Among Chatham’s major accomplishments during Barazzone’s tenure were creation of the Eden Hall campus and the Falk School of Sustainability. Inspired by its alumna Rachel Carson (class of 1929), Chatham became a national and international pacesetter in sustainability when, in 2008, the Eden Hall Foundation made Chatham a gift of 388 acres of land in Pittsburgh’s northern suburbs. Sigo Falk, a Pennsylvania philanthropist and member of Chatham’s board, and the Falk Foundation, with a gift of $15 million, funded The Falk School of Sustainability at Eden Hall and the creation of its campus – the world’s first sustainable campus and a learning/living laboratory.

Barazzone participated in local, state, and national organizations during her Chatham tenure. In Pittsburgh and the Allegheny County region, she served on the Allegheny Conference (the area’s economic development organization), the board of the University of Pittsburgh Medical Center, and various public advisory boards including the Intergovernmental Cooperation Authority (Pittsburgh’s state financial oversight board) and as co-chair of the Allegheny County Sanitary Authority task force on water quality. For many years she served on the board of the Claude Worthington Benedum Foundation, which funds education and other services in West Virginia and Southwestern Pennsylvania. Statewide, Barazzone was the chair of the Association of Independent Colleges and Universities of Pennsylvania. Nationally she served on many boards, including those of the Public Leadership Education Network for women (which she chaired), the Association for the Advancement of Sustainability in Higher Education, the Tuition Plan Consortium (the only non-state-sponsored 529 savings plan), and an advisory board for the Institute for International Education, affiliated with the U.S. Government’s Fulbright programs

==Post-Presidency==

Barazzone is currently a trustee of the University of the District of Columbia and of the American University of Rome (Italy). She is also a director of Dollar Bank, a multistate full-service financial institution based in Pittsburgh.
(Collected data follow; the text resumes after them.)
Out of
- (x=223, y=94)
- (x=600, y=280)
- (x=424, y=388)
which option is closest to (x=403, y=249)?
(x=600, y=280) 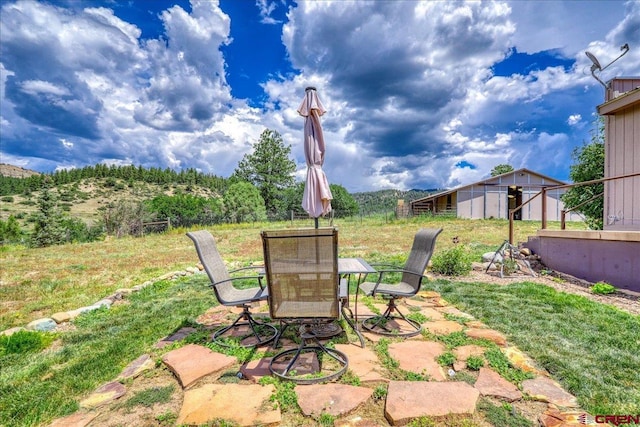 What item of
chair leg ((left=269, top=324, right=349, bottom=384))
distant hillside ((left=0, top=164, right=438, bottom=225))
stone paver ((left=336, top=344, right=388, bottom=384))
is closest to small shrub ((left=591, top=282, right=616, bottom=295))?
stone paver ((left=336, top=344, right=388, bottom=384))

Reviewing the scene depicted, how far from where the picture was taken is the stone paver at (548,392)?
6.12ft

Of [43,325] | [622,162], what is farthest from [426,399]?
[622,162]

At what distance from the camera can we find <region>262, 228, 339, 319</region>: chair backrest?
2197mm

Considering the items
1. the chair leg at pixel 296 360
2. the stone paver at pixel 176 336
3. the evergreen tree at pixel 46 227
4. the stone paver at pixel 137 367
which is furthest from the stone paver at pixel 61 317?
the evergreen tree at pixel 46 227

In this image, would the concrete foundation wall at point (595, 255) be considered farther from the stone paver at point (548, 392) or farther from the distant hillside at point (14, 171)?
the distant hillside at point (14, 171)

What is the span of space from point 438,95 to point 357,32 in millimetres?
7057

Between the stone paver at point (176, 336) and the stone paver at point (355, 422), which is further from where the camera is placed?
the stone paver at point (176, 336)

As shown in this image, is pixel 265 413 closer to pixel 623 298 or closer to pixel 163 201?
pixel 623 298

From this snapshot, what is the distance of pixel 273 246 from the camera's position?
224 centimetres

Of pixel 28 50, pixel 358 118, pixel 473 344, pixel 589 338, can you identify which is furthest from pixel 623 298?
pixel 28 50

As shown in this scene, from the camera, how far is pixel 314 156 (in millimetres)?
4199

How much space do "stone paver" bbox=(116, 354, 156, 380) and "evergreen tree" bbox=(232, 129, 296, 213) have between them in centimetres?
3672

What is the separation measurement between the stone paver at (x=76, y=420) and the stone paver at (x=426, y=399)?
1753 millimetres

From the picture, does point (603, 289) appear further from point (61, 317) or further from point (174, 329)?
point (61, 317) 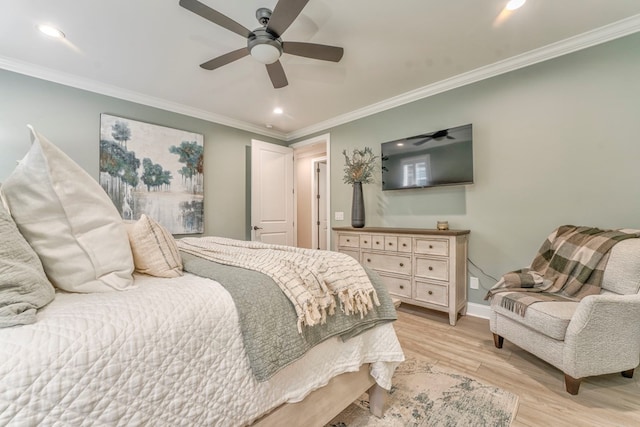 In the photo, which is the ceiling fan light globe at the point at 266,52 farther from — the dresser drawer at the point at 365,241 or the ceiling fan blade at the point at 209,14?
the dresser drawer at the point at 365,241

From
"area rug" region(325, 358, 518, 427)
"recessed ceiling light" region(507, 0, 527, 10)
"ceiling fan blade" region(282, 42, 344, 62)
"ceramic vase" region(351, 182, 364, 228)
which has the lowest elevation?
"area rug" region(325, 358, 518, 427)

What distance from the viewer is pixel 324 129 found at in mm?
4160

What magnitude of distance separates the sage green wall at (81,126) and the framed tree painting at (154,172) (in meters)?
0.10

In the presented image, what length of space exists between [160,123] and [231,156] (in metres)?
0.98

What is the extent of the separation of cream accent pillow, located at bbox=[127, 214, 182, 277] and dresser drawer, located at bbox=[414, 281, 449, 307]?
90.3 inches

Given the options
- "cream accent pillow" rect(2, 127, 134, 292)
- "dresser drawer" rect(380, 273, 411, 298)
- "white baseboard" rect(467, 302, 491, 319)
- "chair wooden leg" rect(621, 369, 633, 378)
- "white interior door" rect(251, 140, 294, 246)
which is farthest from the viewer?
"white interior door" rect(251, 140, 294, 246)

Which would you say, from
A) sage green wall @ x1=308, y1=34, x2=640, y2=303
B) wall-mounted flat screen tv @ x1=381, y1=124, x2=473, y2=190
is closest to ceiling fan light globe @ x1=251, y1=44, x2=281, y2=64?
wall-mounted flat screen tv @ x1=381, y1=124, x2=473, y2=190

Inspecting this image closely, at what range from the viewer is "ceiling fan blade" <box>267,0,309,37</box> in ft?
5.03

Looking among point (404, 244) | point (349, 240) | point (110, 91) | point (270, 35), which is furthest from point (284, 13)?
point (110, 91)

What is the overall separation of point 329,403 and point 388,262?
6.36 ft

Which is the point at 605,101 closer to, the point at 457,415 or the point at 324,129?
the point at 457,415

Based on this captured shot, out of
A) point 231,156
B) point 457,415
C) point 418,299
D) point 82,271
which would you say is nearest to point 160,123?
point 231,156

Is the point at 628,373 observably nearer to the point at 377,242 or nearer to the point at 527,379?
the point at 527,379

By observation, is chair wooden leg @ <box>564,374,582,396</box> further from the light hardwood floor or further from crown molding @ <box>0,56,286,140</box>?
crown molding @ <box>0,56,286,140</box> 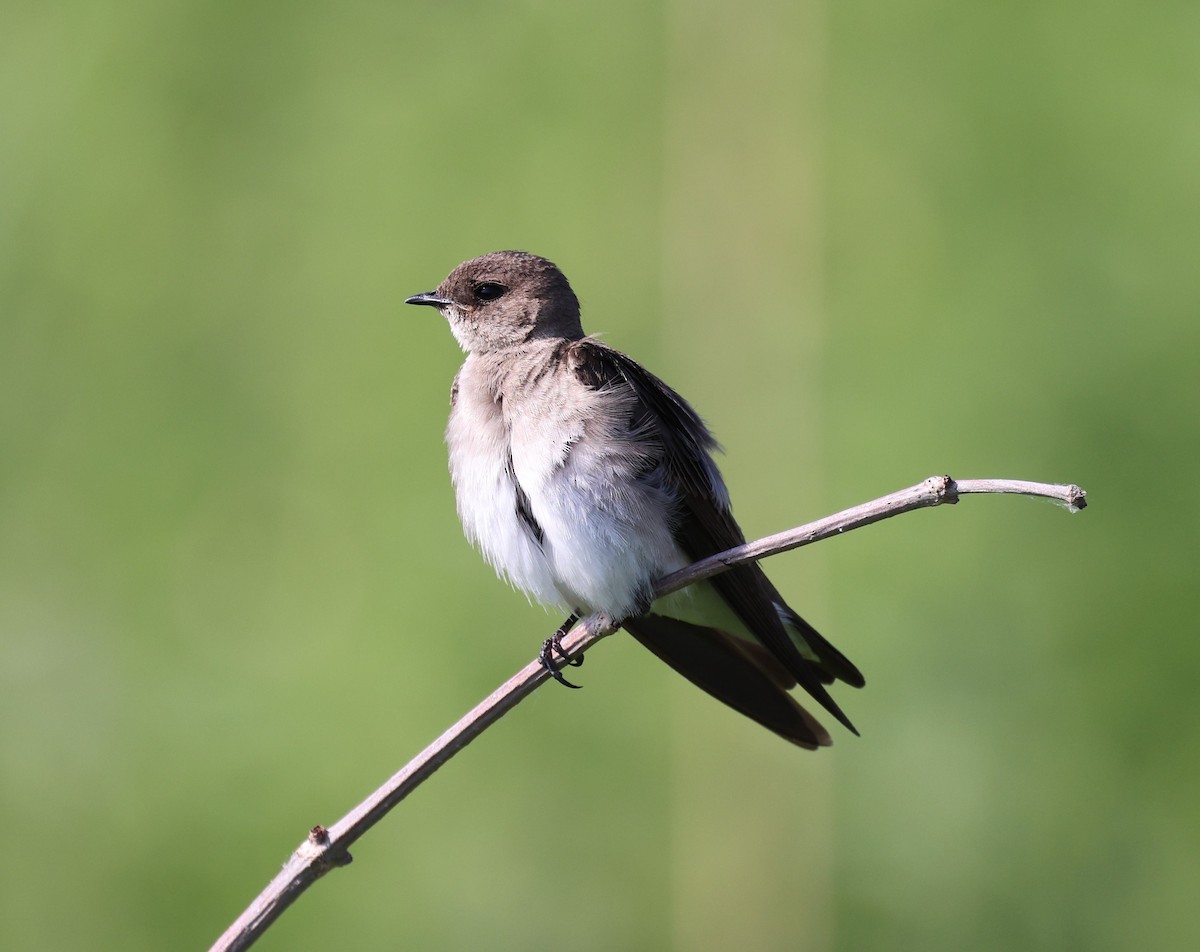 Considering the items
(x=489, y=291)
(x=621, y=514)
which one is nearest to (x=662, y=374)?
(x=489, y=291)

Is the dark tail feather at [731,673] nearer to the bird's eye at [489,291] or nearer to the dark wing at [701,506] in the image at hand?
the dark wing at [701,506]

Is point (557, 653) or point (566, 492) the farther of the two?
point (557, 653)

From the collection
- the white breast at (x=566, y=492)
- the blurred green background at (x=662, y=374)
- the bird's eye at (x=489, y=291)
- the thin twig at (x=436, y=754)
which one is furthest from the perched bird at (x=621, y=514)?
the blurred green background at (x=662, y=374)

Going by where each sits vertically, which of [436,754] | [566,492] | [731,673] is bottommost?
[731,673]

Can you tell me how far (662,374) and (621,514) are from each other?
1.76 meters

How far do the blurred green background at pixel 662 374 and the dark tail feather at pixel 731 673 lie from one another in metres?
1.18

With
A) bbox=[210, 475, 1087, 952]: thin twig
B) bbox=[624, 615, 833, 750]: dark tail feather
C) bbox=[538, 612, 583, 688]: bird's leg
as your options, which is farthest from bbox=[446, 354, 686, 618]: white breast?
bbox=[210, 475, 1087, 952]: thin twig

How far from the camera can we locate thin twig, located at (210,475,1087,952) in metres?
1.44

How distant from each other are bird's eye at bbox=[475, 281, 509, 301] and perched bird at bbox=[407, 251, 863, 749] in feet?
1.03

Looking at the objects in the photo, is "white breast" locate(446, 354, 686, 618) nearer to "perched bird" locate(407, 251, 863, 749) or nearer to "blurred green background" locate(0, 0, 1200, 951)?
"perched bird" locate(407, 251, 863, 749)

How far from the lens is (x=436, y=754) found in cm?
163

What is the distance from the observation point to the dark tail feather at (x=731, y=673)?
112 inches

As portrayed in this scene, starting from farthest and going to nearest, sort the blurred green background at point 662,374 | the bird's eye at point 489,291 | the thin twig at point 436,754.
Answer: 1. the blurred green background at point 662,374
2. the bird's eye at point 489,291
3. the thin twig at point 436,754

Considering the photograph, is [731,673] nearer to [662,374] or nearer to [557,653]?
[557,653] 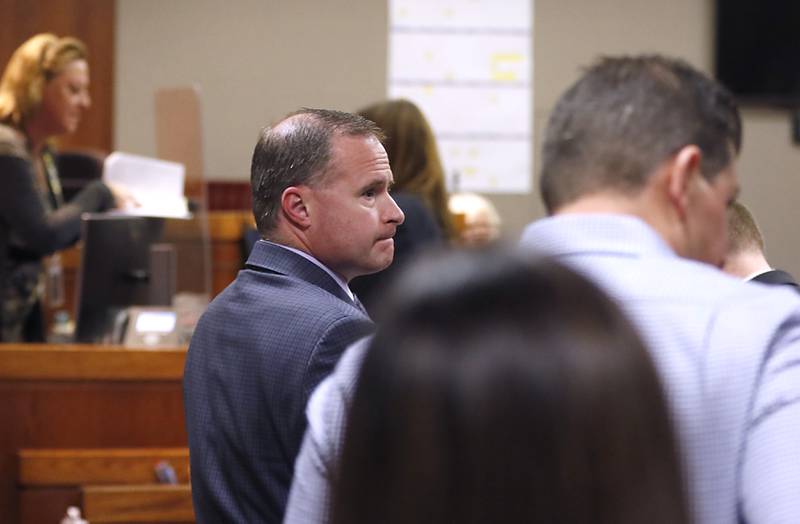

==Awards and recognition==

When Barrazzone retired the university named the main building on the new Eden Hall campus in her honor and awarded her its Rachel Carson Award for distinguished leadership in sustainability. Allegheny County and the city of Pittsburgh declared April 26, 2016 “Esther Barazzone Day.” Among the many commendations from her community are the PNC Women of Legacy Award, the Pittsburgh Business Times Lifetime Achievement and CEO of the Year Award, History Maker in Education designation by the Senator John Heinz III History Center, and Distinguished Daughter of Pennsylvania, an honor bestowed by the governor.

For her work in international education, she was awarded honorary degrees and citations from universities in Japan, Korea, and Pakistan, and the Gandhi, King, Ikeda Award for Outstanding Leadership for Peace and Humanitarianism from Morehouse College. Her work on behalf of the advancement of women earned her the Women’s Leadership Assembly’s Susan B. Anthony Leadership Award and the National Diversity Council’s “Most Powerful and Influential Women” designation.

==Family==

Barazzone has two sons, Matthew Reise and Nicholas Reise, with her first husband, the composer Jay Reise; [Sewald 2016] the couple divorced in 2004. Barazzone married Sam Black, a Washington, D.C. civic leader and attorney, in 2015. They have a combined family of five adult children, three daughters-in-law and four grandchildren.